*Given data*.
+ + + + +

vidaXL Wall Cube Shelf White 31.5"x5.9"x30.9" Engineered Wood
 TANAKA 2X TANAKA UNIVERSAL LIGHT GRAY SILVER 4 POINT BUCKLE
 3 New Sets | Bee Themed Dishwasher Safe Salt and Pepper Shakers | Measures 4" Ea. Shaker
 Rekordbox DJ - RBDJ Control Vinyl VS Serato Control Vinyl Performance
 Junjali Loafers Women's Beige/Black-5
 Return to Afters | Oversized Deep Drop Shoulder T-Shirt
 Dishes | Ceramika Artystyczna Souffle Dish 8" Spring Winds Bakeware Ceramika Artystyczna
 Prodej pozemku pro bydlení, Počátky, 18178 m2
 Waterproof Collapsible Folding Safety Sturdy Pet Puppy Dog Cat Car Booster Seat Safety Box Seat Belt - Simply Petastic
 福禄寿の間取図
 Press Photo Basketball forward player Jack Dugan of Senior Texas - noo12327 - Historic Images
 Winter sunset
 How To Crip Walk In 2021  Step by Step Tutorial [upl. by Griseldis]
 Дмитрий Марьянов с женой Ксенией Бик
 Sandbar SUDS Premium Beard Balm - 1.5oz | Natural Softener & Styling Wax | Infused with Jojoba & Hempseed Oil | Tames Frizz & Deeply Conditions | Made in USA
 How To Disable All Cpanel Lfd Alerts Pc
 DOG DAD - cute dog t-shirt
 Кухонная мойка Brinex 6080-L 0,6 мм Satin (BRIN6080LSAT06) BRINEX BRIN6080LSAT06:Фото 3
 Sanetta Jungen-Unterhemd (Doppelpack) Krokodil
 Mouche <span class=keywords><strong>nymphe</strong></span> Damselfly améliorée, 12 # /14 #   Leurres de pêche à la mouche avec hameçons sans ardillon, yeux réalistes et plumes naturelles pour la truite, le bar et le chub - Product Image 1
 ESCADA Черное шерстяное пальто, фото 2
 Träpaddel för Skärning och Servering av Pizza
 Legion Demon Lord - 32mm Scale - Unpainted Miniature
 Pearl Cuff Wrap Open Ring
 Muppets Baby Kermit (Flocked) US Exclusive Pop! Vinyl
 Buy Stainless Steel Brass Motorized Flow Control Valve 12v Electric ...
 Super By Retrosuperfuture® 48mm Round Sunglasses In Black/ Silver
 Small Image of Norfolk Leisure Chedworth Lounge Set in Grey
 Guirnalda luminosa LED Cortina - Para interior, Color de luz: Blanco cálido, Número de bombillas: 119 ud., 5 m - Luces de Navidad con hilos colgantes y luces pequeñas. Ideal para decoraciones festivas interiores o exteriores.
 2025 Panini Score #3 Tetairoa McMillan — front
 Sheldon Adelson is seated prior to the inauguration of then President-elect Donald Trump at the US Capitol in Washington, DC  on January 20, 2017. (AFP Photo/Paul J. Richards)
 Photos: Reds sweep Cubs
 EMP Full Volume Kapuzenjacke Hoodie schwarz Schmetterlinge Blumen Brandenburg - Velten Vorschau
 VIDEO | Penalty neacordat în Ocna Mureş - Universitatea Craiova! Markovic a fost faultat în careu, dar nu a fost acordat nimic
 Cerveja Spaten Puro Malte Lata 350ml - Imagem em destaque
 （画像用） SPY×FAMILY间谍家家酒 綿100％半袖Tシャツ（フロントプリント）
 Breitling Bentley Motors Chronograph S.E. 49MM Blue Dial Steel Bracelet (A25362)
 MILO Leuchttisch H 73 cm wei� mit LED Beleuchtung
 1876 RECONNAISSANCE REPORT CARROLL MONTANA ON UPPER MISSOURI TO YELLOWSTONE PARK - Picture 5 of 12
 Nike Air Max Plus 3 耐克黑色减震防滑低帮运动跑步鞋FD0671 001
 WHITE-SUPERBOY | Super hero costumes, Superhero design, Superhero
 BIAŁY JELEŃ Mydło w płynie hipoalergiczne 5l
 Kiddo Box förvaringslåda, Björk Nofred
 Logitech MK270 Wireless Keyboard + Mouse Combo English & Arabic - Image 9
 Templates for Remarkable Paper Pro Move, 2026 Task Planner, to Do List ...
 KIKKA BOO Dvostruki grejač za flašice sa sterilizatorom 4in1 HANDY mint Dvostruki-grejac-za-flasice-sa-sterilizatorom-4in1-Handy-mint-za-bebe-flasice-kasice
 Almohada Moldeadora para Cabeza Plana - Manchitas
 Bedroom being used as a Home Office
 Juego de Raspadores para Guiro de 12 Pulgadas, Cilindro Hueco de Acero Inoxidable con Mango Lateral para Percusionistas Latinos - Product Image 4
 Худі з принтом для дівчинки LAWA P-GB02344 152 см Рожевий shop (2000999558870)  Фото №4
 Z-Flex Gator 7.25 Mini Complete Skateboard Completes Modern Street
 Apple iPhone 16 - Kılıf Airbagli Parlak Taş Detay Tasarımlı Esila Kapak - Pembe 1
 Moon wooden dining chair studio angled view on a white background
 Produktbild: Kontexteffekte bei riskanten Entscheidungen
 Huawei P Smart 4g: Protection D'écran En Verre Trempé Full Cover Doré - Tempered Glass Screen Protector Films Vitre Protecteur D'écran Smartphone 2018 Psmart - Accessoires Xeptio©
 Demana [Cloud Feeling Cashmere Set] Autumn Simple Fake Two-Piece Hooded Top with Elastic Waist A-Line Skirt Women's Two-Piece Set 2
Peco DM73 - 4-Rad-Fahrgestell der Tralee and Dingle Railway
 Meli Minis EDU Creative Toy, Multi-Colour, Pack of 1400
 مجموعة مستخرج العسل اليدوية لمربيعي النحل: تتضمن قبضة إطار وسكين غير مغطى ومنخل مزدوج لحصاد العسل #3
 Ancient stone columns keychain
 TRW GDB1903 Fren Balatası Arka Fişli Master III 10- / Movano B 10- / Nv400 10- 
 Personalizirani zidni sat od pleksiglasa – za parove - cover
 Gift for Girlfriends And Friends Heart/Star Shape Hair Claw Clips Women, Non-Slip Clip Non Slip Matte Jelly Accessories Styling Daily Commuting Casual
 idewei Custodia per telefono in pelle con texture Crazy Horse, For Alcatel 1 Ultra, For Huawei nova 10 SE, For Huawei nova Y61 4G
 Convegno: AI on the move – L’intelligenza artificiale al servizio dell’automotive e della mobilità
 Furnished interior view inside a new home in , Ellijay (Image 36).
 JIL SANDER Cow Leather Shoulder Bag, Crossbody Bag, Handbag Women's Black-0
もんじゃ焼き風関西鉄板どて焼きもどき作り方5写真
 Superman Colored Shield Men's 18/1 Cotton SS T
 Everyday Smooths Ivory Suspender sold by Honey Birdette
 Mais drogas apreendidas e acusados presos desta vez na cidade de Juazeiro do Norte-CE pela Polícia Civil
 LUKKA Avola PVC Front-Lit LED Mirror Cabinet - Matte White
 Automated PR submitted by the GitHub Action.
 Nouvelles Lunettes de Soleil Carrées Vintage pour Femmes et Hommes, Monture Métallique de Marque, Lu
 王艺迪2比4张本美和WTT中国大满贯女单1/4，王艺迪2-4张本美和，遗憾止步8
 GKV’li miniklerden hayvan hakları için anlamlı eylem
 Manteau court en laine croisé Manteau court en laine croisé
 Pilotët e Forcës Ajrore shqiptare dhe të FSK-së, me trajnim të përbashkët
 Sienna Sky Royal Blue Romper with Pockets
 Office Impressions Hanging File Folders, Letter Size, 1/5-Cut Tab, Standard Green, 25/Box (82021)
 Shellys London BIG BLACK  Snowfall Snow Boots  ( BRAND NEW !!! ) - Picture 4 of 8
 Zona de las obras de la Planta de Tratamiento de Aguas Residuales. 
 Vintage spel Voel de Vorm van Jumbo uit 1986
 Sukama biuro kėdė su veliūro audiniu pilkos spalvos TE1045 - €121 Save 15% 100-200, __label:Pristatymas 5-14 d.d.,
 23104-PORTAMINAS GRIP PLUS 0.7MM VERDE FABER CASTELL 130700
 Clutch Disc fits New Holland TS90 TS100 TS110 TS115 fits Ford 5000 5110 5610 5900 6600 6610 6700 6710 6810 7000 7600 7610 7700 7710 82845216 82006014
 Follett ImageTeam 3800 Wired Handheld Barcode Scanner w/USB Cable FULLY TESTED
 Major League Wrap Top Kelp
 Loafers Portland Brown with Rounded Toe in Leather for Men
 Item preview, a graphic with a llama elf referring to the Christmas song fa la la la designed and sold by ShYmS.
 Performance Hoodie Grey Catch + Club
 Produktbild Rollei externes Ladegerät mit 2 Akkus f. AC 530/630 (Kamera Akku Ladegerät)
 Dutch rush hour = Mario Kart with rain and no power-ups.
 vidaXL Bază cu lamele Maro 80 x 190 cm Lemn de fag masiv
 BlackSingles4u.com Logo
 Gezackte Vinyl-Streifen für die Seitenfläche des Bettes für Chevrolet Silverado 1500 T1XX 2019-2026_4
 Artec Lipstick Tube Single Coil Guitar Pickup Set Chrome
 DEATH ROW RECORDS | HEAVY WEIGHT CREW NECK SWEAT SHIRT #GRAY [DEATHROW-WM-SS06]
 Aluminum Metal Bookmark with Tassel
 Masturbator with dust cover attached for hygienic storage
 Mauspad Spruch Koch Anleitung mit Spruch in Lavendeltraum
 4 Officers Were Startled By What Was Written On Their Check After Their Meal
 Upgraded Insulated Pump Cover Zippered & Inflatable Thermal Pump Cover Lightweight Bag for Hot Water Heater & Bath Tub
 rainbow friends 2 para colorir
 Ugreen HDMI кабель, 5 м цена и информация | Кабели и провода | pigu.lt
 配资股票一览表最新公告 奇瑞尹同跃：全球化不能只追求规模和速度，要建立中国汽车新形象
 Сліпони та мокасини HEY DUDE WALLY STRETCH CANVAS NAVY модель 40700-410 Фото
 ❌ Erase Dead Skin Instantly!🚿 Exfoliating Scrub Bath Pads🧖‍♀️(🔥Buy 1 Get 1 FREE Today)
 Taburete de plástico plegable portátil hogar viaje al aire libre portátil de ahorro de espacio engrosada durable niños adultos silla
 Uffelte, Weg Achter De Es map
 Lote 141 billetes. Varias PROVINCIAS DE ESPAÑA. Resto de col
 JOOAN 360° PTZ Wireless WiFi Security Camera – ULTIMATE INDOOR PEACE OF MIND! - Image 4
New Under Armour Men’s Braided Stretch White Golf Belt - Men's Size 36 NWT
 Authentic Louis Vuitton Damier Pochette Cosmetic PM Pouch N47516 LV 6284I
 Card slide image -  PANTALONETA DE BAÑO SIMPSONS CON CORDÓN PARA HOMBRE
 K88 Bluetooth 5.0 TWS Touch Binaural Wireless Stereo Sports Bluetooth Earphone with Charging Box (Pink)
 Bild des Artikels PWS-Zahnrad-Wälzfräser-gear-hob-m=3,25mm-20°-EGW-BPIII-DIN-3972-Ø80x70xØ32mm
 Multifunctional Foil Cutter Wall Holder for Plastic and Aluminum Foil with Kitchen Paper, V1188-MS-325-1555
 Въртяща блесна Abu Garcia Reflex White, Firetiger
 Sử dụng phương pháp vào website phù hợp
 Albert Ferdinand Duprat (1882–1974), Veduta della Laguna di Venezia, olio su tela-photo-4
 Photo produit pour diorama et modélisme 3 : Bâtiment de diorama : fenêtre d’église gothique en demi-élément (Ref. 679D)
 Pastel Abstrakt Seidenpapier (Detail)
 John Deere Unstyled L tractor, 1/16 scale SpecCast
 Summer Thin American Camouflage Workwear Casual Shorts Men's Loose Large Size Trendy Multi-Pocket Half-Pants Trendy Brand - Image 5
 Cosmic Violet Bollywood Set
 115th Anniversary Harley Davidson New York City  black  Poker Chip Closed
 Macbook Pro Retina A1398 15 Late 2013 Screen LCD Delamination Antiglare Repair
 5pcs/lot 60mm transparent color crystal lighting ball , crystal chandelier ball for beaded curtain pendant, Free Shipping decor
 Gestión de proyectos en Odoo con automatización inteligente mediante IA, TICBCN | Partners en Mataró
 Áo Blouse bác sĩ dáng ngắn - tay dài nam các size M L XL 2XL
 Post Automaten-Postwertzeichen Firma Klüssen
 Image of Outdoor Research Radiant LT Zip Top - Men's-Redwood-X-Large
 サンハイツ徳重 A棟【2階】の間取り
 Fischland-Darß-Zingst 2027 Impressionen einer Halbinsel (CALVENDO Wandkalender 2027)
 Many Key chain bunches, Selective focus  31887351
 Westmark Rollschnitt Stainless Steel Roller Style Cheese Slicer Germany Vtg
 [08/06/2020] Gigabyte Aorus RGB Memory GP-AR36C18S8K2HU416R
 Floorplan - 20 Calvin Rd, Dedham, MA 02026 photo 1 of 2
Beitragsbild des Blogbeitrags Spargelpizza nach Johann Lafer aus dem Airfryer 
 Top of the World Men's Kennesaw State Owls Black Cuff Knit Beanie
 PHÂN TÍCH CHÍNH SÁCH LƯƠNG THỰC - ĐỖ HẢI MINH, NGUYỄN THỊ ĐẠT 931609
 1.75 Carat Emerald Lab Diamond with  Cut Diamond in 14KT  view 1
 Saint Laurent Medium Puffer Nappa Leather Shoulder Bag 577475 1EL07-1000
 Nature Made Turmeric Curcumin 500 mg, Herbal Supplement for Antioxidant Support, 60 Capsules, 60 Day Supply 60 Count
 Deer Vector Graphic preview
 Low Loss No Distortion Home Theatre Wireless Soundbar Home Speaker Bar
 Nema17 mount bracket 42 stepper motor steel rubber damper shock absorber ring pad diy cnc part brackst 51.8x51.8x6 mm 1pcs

+ + + + +

*What the task requires*.
Within the listing above, give again exactly every line from the line with "Дмитрий Марьянов с женой Ксенией Бик" through the line with "DOG DAD - cute dog t-shirt", both included, and no other line.

*Result for this task*.
 Дмитрий Марьянов с женой Ксенией Бик
 Sandbar SUDS Premium Beard Balm - 1.5oz | Natural Softener & Styling Wax | Infused with Jojoba & Hempseed Oil | Tames Frizz & Deeply Conditions | Made in USA
 How To Disable All Cpanel Lfd Alerts Pc
 DOG DAD - cute dog t-shirt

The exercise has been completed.